The structure of the two-burst acknowledgement message comprises the TFI, the Ack/Nack indicator, and a list (bitmap) of erroneously received blocks. On the downlink, the two-burst acknowledgement message also includes a channel reservation for retransmission. The MS transmitted the long (two-burst) Nack message in the assigned slots, and that message indicated to the system that retransmission of blocks 8, 9, and 10 was needed. For either short or long negative acknowledgement messages, partial frames that consist of not-acknowledged blocks are sent by the system until a positive acknowledgment message is received from the MS.

Thus in accordance with Applicant's invention, each transmission of a complete or partial frame is followed by an acknowledgment message that includes the TFI of the frame to which it refers and, if needed, a list of the blocks that were erroneous. Since a one-burst Ack/Nack message is sent only in a reserved slot, the sending mobile station is indirectly identified and does not need to include the TFI in the one-burst Ack/Nack message. Partial frames that consist of retransmitted not-acknowledged blocks are sent until a positive acknowledgment is received, viz., until reception of an acknowledgement message that does not include a list of erroneous blocks.

A TFI remains valid even if the communication is disrupted for some short period of time. For example, when an erroneous acknowledgment message is sent by the BS, the MS can reestablish the communication by sending a random access request message Ra that notifies the BS that a TFI is already assigned. As illustrated in FIG. 5, the random access request message Ra advantageously comprises a single octet in which some bits (e.g., five) convey the pseudo-random number identifying the MS, one bit (RETR in FIG. 5) indicates an initial/retransmission request, one bit (SING in FIG. 5) indicates whether the MS intends to transmit only a single block on the uplink, and another bit (PRIO in FIG. 5) indicates a priority. The pseudorandom number is used to distinguish access requests from different mobiles. The initial/retransmission request indicates that a TFI is already assigned.

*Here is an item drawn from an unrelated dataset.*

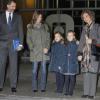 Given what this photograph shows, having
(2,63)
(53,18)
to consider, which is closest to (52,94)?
(2,63)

Upon receiving the channel reservation message ChRe sent by the BS in response to the random access message Ra, the MS can identify and resume the uncompleted frame transfer by restating its TFI (e.g., by retransmitting the primary block of the incomplete transfer), and the BS can then continue the frame transfer by sending the same acknowledgment message that was erroneous in the previous transmission. Operation in this way has significant advantages. When reestablishing communication with a BS in case of an uncompleted packet transfer (e.g., a missing acknowledgment message from the BS), it is sufficient to state the TFI of the frame whose transfer was interrupted (e.g., by retransmitting the first block of the last transmission).

After a frame is successfully transferred across the air-interface, viz., after a positive acknowledgment has been received, the network-side layer management entity can release the TFI value and make it available for future use. Release of the TFI value can also occur in the case of persistent loss of response from an MS or when a MS roams to another cell.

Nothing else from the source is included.